For Modupe Adeyemo, a single mother of two and a writer, to work is to pray. She said she gets home daily 9.30pm, by which time, her children would have fallen asleep. “I am not trying to whip up sentiment but as much as I have to be with them, guard and shape them up during their formative stages of life, I also have to work to cater for us all. So, I’m left with the option of phone parenting,” she said. Adeyemo explained that while she is at work or on a long journey, she calls too frequently even to the irritation of her children and their nanny. She said she would call to find out how they are doing, what type of food they are eating, which compound are they going to play ball and what time will they promise to return to the house, “ I know it sounds ridiculous but that is my safest way of being involved with them in spirit. If I wasn’t there physically by the design of circumstance, I determine within me that I would not lose them to the world. Already, children of nowadays are smart and strong-willed, so it takes extra grace, determination and strong involvement to shape them to what you want. So, I take the most advantage of the phone. Thanks to technology advancement. At times, we go Skyping just to see their surrounding and to create the impression that mommy may not be around but she hovers around. That way, I believe that I have done my best possible, God will perfect it for me,” she said.
Winnifred Ajeyigbe, a woman activist and mother of two, corroborated Adeyemo that prayer is work in action. It is now left for parents to know how to strike the balance being successful working parents and a worker. “It is a difficult thing to do, I must confess but it is achievable with determination, focus and the cooperation of your spouse and children,” she said.

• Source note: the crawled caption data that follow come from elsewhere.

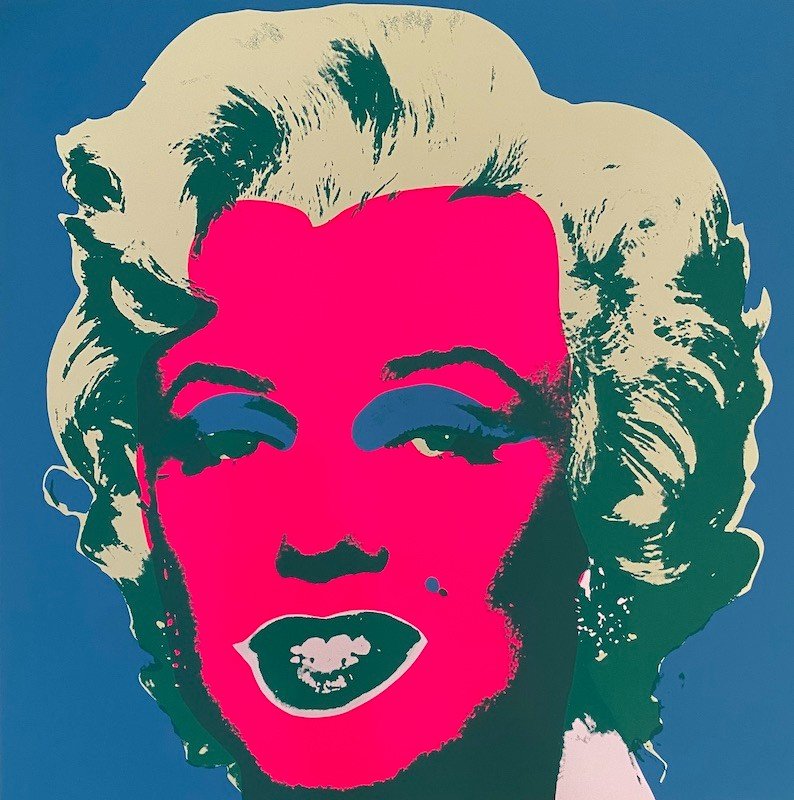 Serigraphie Andy Warhol - Marilyn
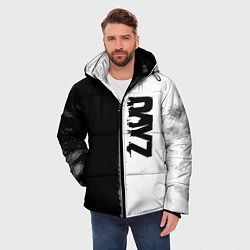 Куртка зимняя мужская Dayz черно белый ужас, цвет: 3D-черный — фото 2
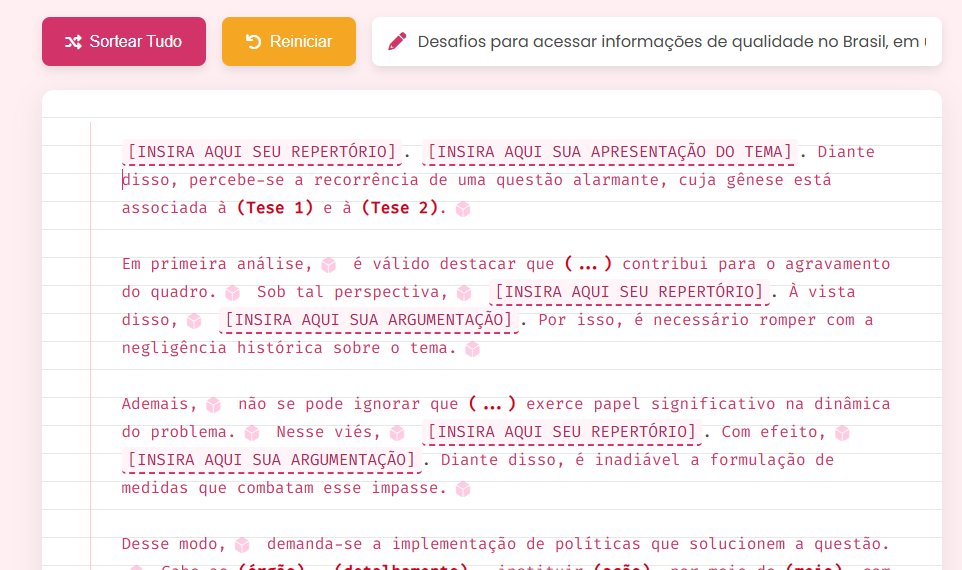 dedemedica's tweet photo. meio absurdo esse site de redação da lala ser de graça https://t.co/BJMS6jbPqI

Grace Essen, a columnist and mother of three, said that it difficult situation that one cannot really give a definite answer. “It is also not a question of good or bad. It is just an experience that has emanated from our new way of life where both parents leave the children at home maybe with a domestic staff or maybe with no one at all, and then call their children on phone to monitor them,” she said.
Essen added that it is not possible for parents to be physically present with their kids all the time as they may want to, but technology has afforded them the means to still close the gap at least to an extent, and just have to embrace it and make the most of it, of course applying caution where necessary. “We must keep in mind that the present economic situation leaves us with less choices, think of a single mom who must work to support herself and her children and maybe extended family too, she really has no choice but to parent any way she can, which might mean parenting over the phone. But a woman who has husband might opt to stay home with kids or look for a more flexible job, knowing that even if it comes with less pay or no pay at all she has a husband who would meet the needs of the family. Parents must find ways to make up for the time they spend away from home,” she explained.
According to Theresa Oloyede, an educationist, phone parenting isn’t really a bad idea but may also not be the best as kids aren’t too happy about it. Physical bonding and presence is more like it. Oloyede explained that, as the world advances, children advance and become smarter. She said that they may tell their parents what they perceive their parents wish to hear or know but may actually be smarter than that. “I am actually talking about giving more thought to all the missed opportunities for communicating in physical with a child, for simply being with them. Those lost moments of being together are what you will miss the most once your children are grown. We should be more worried about disconnectedness and developing minds.